I haven’t read Christopher Hitchens’s book – yet another book attempting to discredit religion and argue that there is no God (is anyone bored yet?)

Well, let’s see. A Pakistani government minister has just suggested that Salman Rushdie’s knighthood justifies suicide bombings. A creationist museum has just opened in Kentucky. The Catholic church has just told its members to stop supporting Amnesty International because they support the decriminalisation of abortion. And Hamas has just taken control of the Gaza strip.

I don’t think the subject has been exhausted quite yet.

4 replies on “Since you ask…”

You’ve got a point, Harry.

However, three out of four of your examples concern fundamentalist groups, and the Vatican’s attitude over abortion can be likened to fundamentalism. It seems to me that fundamentalists become so embroiled in an ideology that they disassociate from the world itself and the consequences their ideology might have on the world. Even actions that will bring great suffering can then be justified, as only the ideology counts – an ideology that ignores even the basic tenets of their religion – love, peace, reconciliation, justice, mercy etc. These people have lost grip on reality and even on their own faith(s).

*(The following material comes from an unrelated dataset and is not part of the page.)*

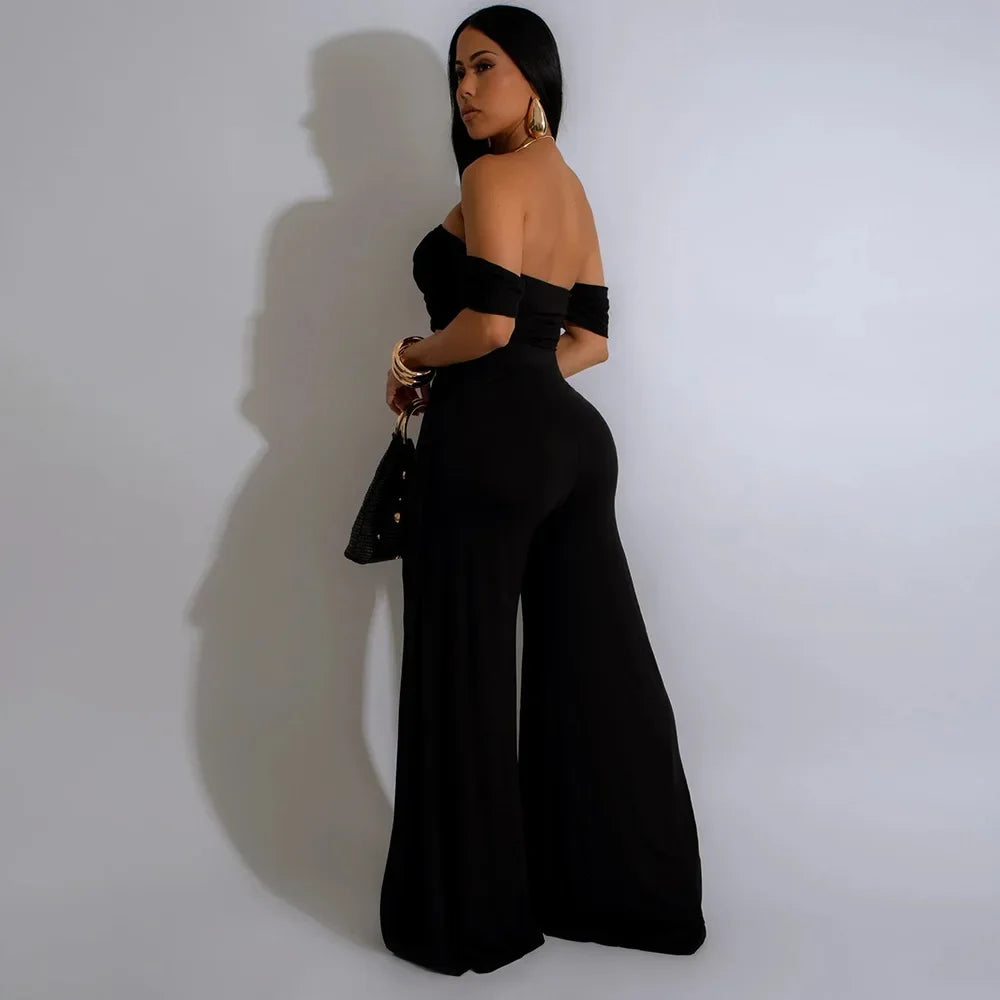 Ruched Slash Neck Top and Wide Leg Pants Set for Women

I don’t think that’s the case with the vast majority of religious people, who generally want to have a beneficial effect on the world and usually do so – all the religious texts, except when twisted by the fundamentalists, call for greater love, charity, and good deeds.

None of this has any bearing on the existence or non-existence of God, which is unprovable.

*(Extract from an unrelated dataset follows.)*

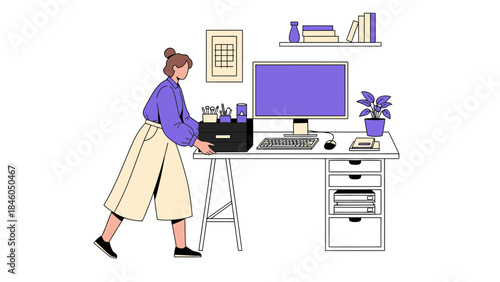 Illustration of a woman at a modern office desk with a computer and office supplies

To say ‘you can’t prove God doesn’t exist’ is true, but not exactly a ringing endorsement.

And while my examples aren’t necessarily typical of majority religion, they aren’t exactly negligible fringe movements either.

Whether, over the course of human history, the net contribution of religion has been positive or negative, and whether, in the world today, religion’s overall impact is positive or negative—well, that’s the question, isn’t it. I don’t think the answer is self-evident, myself. I think there’s an argument to be had, and that it’s an important argument. And that there’s enough material there for hundreds of books, not just half a dozen.

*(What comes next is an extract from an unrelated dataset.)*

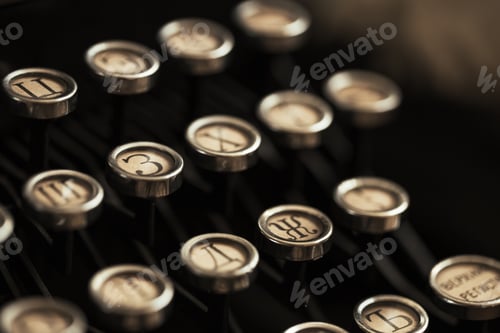 Preview: Detail of the keyboard of a typewriter old black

Yes, there is an argument to be acted out, no doubt about that. I’m suspicious of bandwagons, and the hyped “God-thumping” book seems rather prevalent at the moment. But I guess that’s how the book trade works and always has worked.

Well, if it’s just a one-off Summer Of Atheism centered on the personalities of Dawkins and Hitchens, then I agree it’s not achieving much. I’d like to hope it’s just the first wave of a broader movement in support of secularism and Enlightenment values, personally. Who knows.